Mom’s Butternut Squash Dinner Rolls
So declared my grandfather as his 16-year-old daughter Connie, now my mom, made her first cake. She’d shut herself in the pantry, refusing all help as she mixed the angel food ingredients. Eventually she emerged and slid the pans into the hot oven. To everyone’s surprise, the creation came out perfectly. Seventy-eight years later, she’s proved her skill thousands of times, cooking a lot of things well, and a few things spectacularly.
Like her squash rolls.
Warm handfuls of golden goodness, yeasty and savory, with a subtle bass note of butternut squash, they land on the table on holidays as surely as the silver – always with meat (usually beef) and potatoes (usually baked). If, like me, you’ve never loved squash except in the form of a jack-o-lantern, stay with me. My mom’s squash rolls are mostly roll, the starchy mouthful of carbs we all crave, with only enough squash to make them as yellow as a late-July sunset. The squash reminds you there’s something good for you in there. Is love good for you? That’s in there, too.
They’re still her job.
At 94, my mom shouldn’t have to cook anything for her kids. One of her sons is pushing 70, and the other is close behind. We implore her not to work so hard in the kitchen. We volunteer to bring everything to her apartment, a tidy studio in a remodeled mill, including the roast, the potatoes, the salad, the wine, green vegetables, and something for dessert. See what’s missing?
A century of squash rolls
As did her mother. My grandmother Alberta made squash rolls for decades, since before her family moved from Lewiston, Maine, to a tall brown New Englander in Penacook, New Hampshire, where my mother grew up and baked that first cake.

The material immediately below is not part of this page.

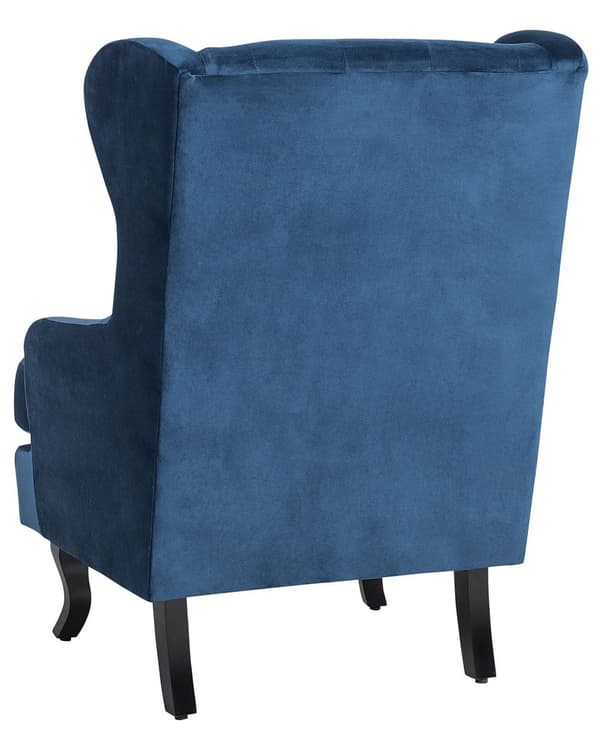 Lænestol Mørkeblå Velour Sort Gummitræ Tuftet Polstring Øreklapstol Chesterfield Mønster Retro Traditionel Stue Soveværelse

“I loved watching my mother cook,” says my mom. And no one ever questioned my grandmother’s talents. Roasts with a bounty of vegetables harvested from my grandfather’s enormous garden, where he handed me the only green peas I ever liked – raw. Grammy baked picture-perfect pies and once every few years conjured my favorite food, her chicken cacciatore. Two generations of moms, two great cooks. Both made squash rolls and made them famous, in our family at least.
A few years after nailing that first cake (circa 1945), my mom would marry a good-looking young teacher and WWII Navy vet with four sisters, from the next town over, Concord. Though generous with a barb like my grandfather, he admitted to loving the squash rolls.
We had them at Thanksgiving 2023. We’ve had them on nearly every major holiday of our lives. We’re hoping to have them for Christmas.